Rompere lo specchio
Come in uno specchio (Såsom i en spegel), 1961, Ingmar Bergman
Johann Sebastian Bach, Sarabanda, II Suite BWV 1008 | Erling Blöndal Bengtsson, violoncello
Ho sempre cercato di capire cosa vedesse Ingmar Bergman nella musica di Johann Sebastian Bach. Conservo sempre con me, per questo motivo, un appunto che ho trascritto da Lanterna magica, la sua autobiografia. Descrive uno dei momenti di grande sofferenza del regista, e il tentativo di mantenere un equilibrio nonostante le avversità:
Il maestro [Bach, ndr] era tornato da un viaggio, durante la sua assenza erano morti la moglie e due figli. Egli scrisse sul diario: “buon Dio, fa’ che non perda la mia gioia”. Per tutta la mia vita cosciente ho vissuto con quella che Bach chiamava la sua gioia. Mi ha salvato durante crisi e periodi di infelicità, è stata efficace e fedele come il mio cuore. A volte soggiogante e difficile da governare, mai però ostile o distruttiva. Bach chiamava gioia questa condizione.
Sono sempre stato convinto che Bergman sia diventato, suo malgrado, un interprete delle musiche dei suoi film attraverso le scene che vi ha sovrapposto. Le sue immagini abitano ormai a pieno titolo le pagine di questi brani. Chi mai potrebbe, suonando la Sarabanda della Quinta suite, restare indifferente all’immagine della Pietà che in Sussurri e grida si lega a questa musica?

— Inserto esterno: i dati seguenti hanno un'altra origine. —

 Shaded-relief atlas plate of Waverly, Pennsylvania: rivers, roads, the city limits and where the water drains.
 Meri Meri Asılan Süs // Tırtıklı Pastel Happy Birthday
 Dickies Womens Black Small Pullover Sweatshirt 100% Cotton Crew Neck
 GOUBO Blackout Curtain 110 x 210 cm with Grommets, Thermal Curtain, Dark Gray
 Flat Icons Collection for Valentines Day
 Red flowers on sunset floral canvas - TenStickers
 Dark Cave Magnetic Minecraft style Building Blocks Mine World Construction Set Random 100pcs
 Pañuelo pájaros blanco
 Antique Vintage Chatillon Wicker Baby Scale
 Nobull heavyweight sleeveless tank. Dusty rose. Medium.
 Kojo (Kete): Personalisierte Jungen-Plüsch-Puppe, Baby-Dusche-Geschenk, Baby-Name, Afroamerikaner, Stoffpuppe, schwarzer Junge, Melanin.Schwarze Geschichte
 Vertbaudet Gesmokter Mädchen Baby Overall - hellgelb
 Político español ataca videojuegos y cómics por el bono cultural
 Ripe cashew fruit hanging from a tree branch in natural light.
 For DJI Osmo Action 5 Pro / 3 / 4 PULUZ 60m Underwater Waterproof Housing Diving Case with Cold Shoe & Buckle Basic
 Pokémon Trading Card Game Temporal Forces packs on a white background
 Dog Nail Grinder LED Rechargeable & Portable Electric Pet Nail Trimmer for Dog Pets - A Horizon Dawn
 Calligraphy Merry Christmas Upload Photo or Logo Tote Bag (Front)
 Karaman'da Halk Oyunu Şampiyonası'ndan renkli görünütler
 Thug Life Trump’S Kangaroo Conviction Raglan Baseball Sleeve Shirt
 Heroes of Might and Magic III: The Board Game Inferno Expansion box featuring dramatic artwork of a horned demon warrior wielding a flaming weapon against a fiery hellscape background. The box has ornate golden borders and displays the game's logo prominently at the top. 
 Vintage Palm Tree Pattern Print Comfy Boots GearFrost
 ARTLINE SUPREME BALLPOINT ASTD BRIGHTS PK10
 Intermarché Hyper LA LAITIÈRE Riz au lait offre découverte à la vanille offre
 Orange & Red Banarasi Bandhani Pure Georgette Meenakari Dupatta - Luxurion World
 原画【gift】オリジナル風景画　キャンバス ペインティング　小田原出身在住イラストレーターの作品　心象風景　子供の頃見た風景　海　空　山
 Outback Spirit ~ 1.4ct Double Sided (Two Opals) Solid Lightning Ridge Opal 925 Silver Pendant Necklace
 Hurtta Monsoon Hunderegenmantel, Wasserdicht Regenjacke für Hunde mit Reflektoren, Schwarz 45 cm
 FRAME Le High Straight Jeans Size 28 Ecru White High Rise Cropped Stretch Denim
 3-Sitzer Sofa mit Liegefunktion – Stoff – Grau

Sussurri e grida (Viskningar och rop), 1972, Ingmar Bergman
Sarabanda - V Suite BWV 1011 | Pierre Fournier, violoncello
L’altro giorno ho ripensato a una scena che è nel finale di Sarabanda, il suo ultimo film. La protagonista Marianne (Liv Ullmann) va alla casa di cura per far visita alla figlia Martha (Gunnel Fred), seduta sul letto in uno stato quasi catatonico. La sfiora, le toglie gli occhiali, e lentamente sugli occhi della figlia che si aprono inizia la Sarabanda dalla Seconda Suite (la stessa di Sussurri e grida). Vediamo questo con un primo piano che lentamente si stringe sul volto della figlia finché non passa al volto della madre, che pure, finalmente, la vede. Il film si chiude nel frammento successivo, ultima scena del film e della vita del regista, dove Marianne confessa: «per la prima volta ho realizzato, ho sentito, che toccavo mia figlia, la mia piccola».
Non vorrei forzare le intenzioni del regista ma condivido l’idea di una musica in grado di tenere in piedi la nostra vita toccandola, guardandola.